Web page caption snippets
——
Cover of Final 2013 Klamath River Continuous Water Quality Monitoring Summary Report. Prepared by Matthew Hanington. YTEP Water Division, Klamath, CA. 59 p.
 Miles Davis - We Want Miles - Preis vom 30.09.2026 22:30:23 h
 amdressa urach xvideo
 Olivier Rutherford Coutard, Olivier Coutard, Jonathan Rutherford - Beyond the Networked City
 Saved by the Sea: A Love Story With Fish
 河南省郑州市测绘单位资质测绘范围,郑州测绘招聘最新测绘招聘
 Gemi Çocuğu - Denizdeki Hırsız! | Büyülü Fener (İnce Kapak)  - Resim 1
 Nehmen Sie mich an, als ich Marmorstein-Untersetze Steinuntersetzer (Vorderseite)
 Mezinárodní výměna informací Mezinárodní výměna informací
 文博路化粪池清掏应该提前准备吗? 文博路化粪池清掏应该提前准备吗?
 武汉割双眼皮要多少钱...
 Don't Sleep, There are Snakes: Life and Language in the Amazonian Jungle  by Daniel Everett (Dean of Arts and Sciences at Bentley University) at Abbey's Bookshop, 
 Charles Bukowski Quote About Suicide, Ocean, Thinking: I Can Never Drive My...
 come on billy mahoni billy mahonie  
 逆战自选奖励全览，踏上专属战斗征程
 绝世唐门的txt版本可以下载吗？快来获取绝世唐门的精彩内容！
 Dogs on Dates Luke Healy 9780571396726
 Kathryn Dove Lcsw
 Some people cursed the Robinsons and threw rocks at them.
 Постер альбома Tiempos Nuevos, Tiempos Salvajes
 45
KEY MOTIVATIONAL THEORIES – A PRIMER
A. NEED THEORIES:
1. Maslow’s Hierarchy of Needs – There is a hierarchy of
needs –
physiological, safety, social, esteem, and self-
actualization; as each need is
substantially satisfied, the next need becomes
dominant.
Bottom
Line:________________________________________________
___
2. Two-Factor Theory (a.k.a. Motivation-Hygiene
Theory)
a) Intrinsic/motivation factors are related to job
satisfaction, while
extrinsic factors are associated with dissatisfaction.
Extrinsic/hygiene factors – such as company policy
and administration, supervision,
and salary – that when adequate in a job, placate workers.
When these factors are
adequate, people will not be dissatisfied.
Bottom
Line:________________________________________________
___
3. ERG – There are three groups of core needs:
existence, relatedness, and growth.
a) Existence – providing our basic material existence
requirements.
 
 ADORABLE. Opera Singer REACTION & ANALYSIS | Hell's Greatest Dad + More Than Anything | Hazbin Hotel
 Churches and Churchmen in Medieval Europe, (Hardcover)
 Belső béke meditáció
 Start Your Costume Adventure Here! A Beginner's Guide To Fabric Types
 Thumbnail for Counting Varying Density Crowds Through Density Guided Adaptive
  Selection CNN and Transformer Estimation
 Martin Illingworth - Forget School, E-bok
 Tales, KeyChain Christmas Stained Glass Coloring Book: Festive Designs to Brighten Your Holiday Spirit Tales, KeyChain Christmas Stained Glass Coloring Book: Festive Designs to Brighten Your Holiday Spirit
——
**Work to complete:** Out of the records above, pull each line containing the word "Your".

**Exercise answer:**
 Start Your Costume Adventure Here! A Beginner's Guide To Fabric Types
 Tales, KeyChain Christmas Stained Glass Coloring Book: Festive Designs to Brighten Your Holiday Spirit Tales, KeyChain Christmas Stained Glass Coloring Book: Festive Designs to Brighten Your Holiday Spirit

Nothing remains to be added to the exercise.